Tamale Trail: A One-of-a- Kind Culinary & Historical Trail in Mississippi

Tamales at Pea Soups Lott-A-Freeze are served with chili and homemade ranch. Photo by Anne Braly

By Anne Braly

Mississippi may be better known for its Delta catfish and beautiful beaches along the Gulf Coast, but there’s a trail that dissects the Magnolia State, and just by traveling it, tells a tale of the history and the connection of two distinct cultures that came together in delicious fashion.

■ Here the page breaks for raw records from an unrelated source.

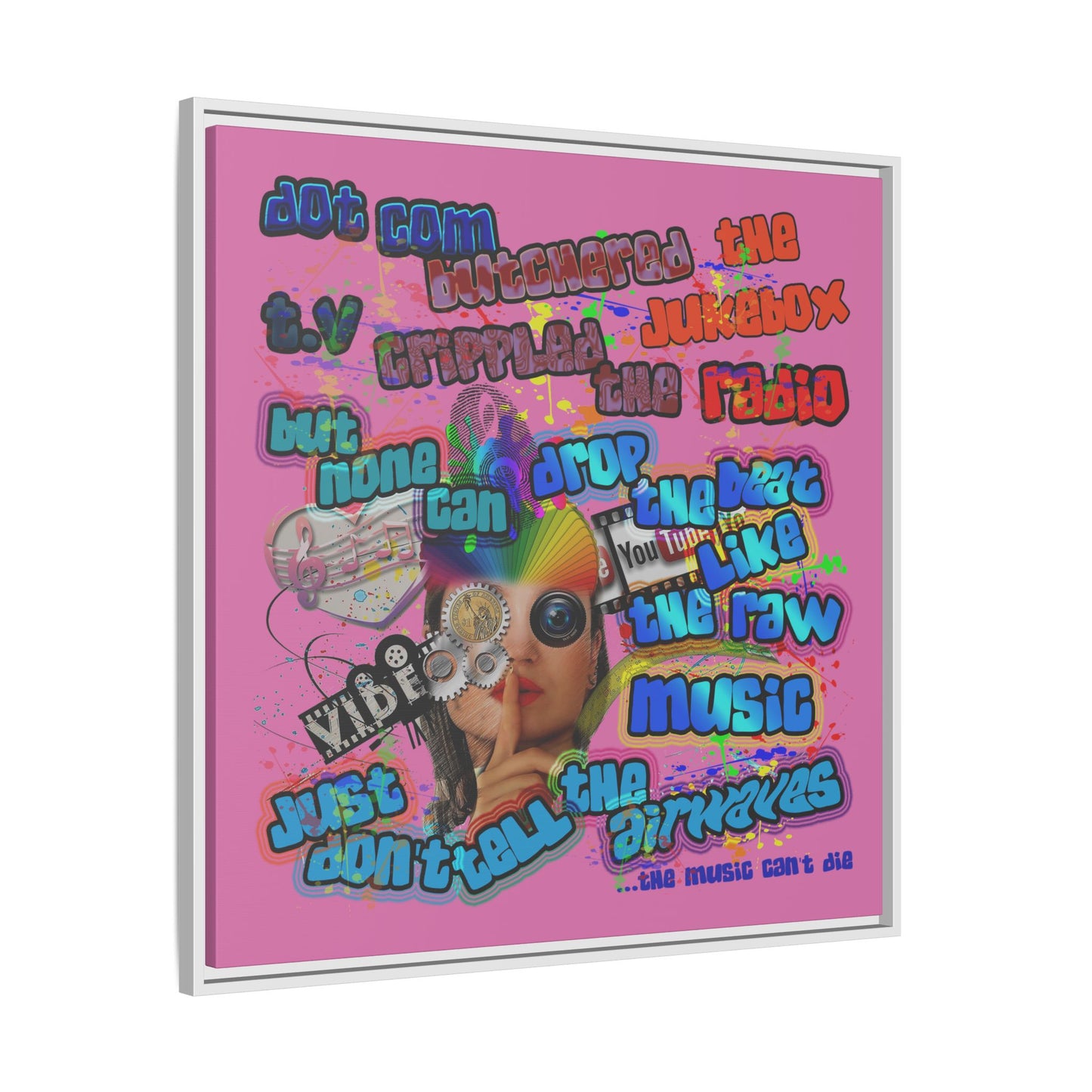 drop the beat - framed canvas art (light pink)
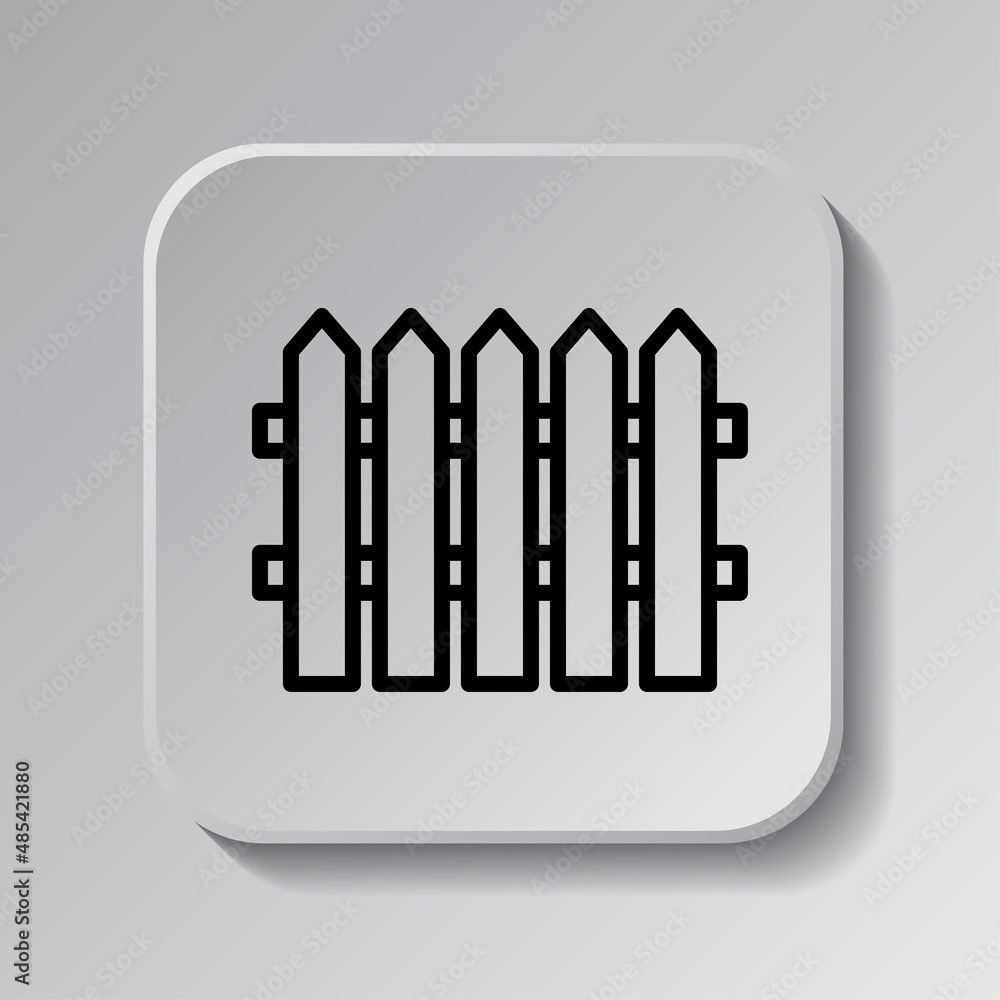 Poster fence simple icon. flat desing. black icon on square button with shadow. grey background.ai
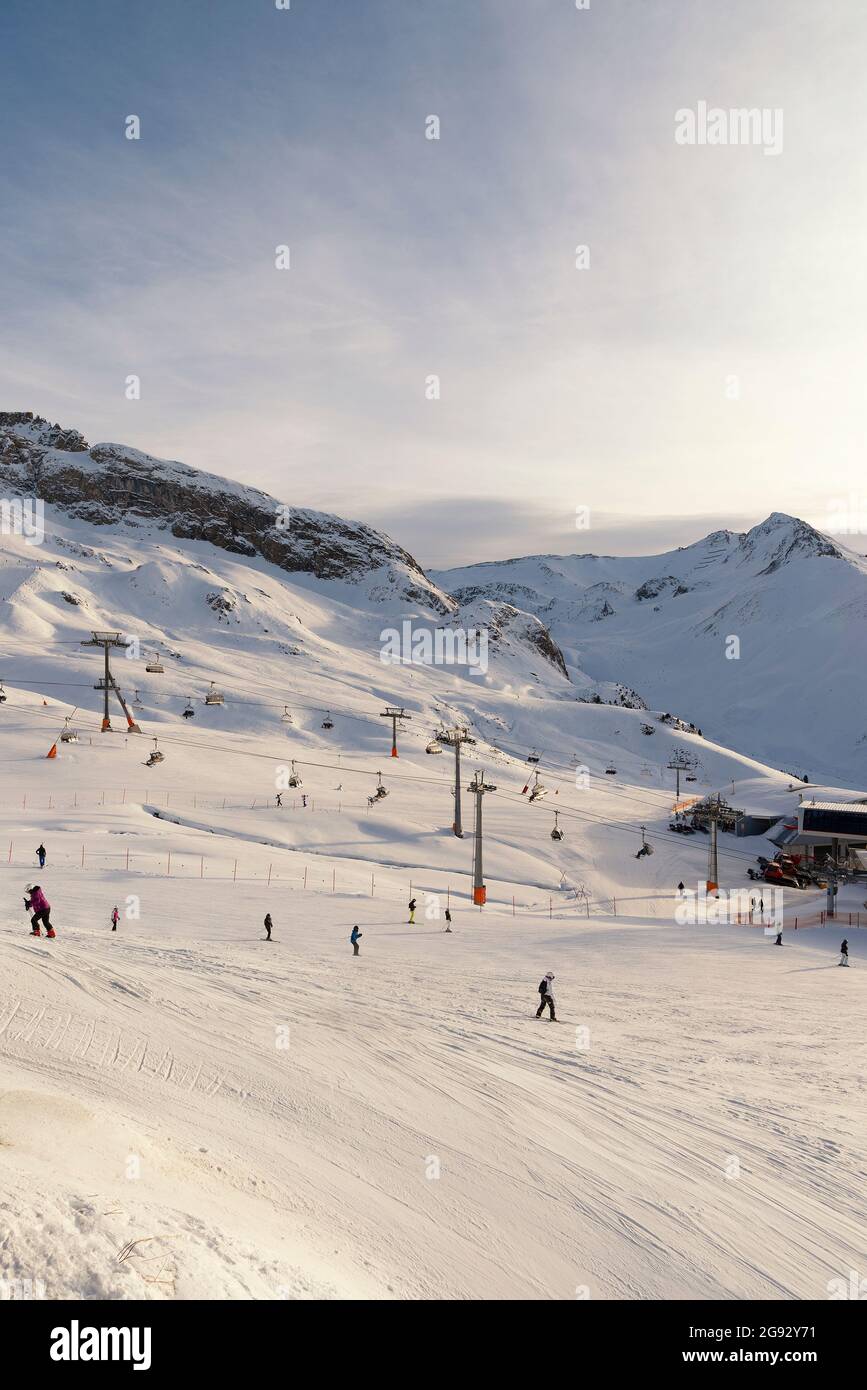 View of the Austrian ski resort Ischgl. Stock Photo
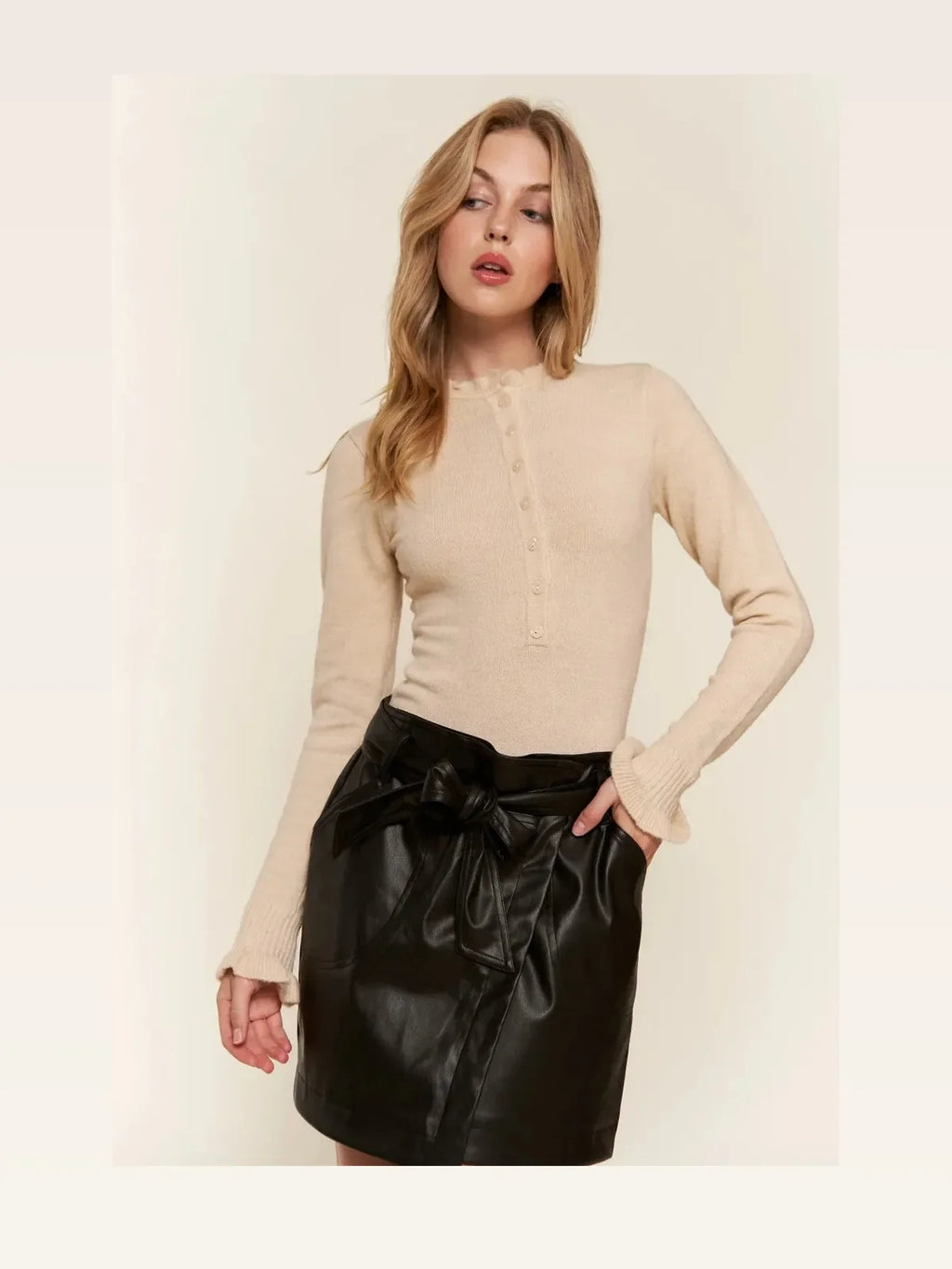 Half-Button Long Sleeve Bodysuit with Round Neck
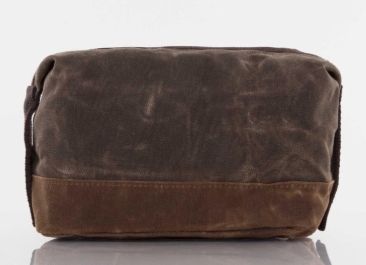 Waxed Dopp Kit-, Color: Olive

While this important piece of Mississippi’s culinary history has been around for several generations, it wasn’t until the early 2000s that culinarians began giving it the love and attention it deserved, thanks to the Southern Foodways Alliance, an organization that worked with food historians and photographers to preserve the history of tamales. The Hot Tamale Trail is an offshoot of that documentation.

Does Eat Place is a Greenville institution with legendary steaks and tamales made from scratch using steak trimmings. Photo by Anne Braly

A Bite Out of History

There are several schools of thought as to how and why tamales became a ubiquitous influence on Mississippi’s food scene, one of which is that following the Mexican-American war, soldiers from Mississippi brought the idea of tamales home with them.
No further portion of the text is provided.